After two years of negotiations and arbitration, the city and its two units of the Civil Service Employees Association have new four-year contracts with pay increases of 2 percent in both 2011 and 2012.
The new agreement, which runs from 2009 through 2012, will also save the city a significant amount of money because the employees will have a single health insurance carrier — MVP — rather than the four different health insurance companies under the old contract, according to Mayor Scott Johnson.
An arbitrator, Ira Lobel from the Public Employment Relations Board, was called in last year to help both sides reach an agreement. Representatives of the city and the union spent dozens of hours negotiating the agreement.
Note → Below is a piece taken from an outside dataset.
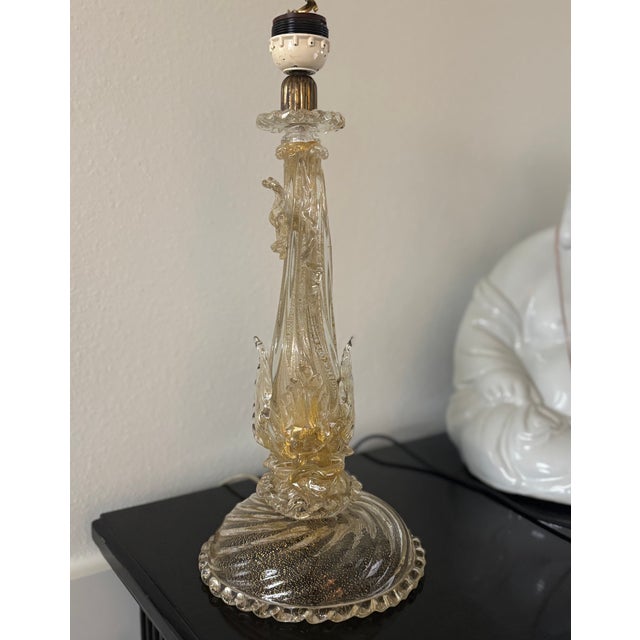Art Deco Antique Golden Dolphin Murano Lamp Attributed to Barovier & Toso For Sale - Image 3 of 12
The members of the City Hall unit of the CESA, which includes 75 workers, and the Department of Public Works unit, which includes 80 workers, ratified the new contract last week.
The City Council approved the new agreement unanimously at Tuesday’s meeting in City Hall.
“It was a give, give situation,” said Gary Benincasa, president of the DPW unit.
Kathy Moran, president of the City Hall workers CSEA unit, said it took two years to work out this agreement. She said the PERB arbitrator ended up becoming a mediator in the final stages of negotiations.
Johnson noted there are no retroactive pay increases in the new agreement. Accounts Commissioner John Franck said this was one of the reasons he was voting in favor of the new pact.
Johnson said the old CSEA contract, which expired at the end of 2008, provided the City Hall unit with a 3.5 percent pay increase and the DPW unit with a 4 percent raise.
There were some slight differences in the contracts for the two units.
In the case of the City Hall unit, the 2012 pay increase is 2.5 percent as compared with the DPW unit pay increase of 2 percent.
But the City Hall unit will not have any step pay increases (automatic pay increases depending on how many years an employee has served) in 2012 while the DPW unit employees will still receive their step pay increases.
CSEA workers hired before 2001 had never paid part of their health insurance but, under the new contract, they will start paying $500 per year effective July 1, 2012. City employees hired after 2001 already pay 10 percent or 20 percent of their health insurance, Johnson said as he read the terms of the new agreement.
Nobody would discuss the new CSEA contracts prior to Tuesday’s council meeting at the request of the arbitrator.
Finance Commissioner Kenneth Ivins said both sides win under the new agreements.
Johnson said having a single health insurance carrier will provide the city with “significant cost containment, not just this year but for years to come.”
He said this cost savings — which he did not put a price tag on — “far outweigh the wage increase” granted employees in the new contract.
Some city residents speaking before the unveiling of the new agreement, urged the City Council to announce the terms of the agreement but not vote on it until the council’s next meeting so members of the public could discuss it.
“We are the ones who are paying for the contract; hold off the vote,” said resident David Bronner.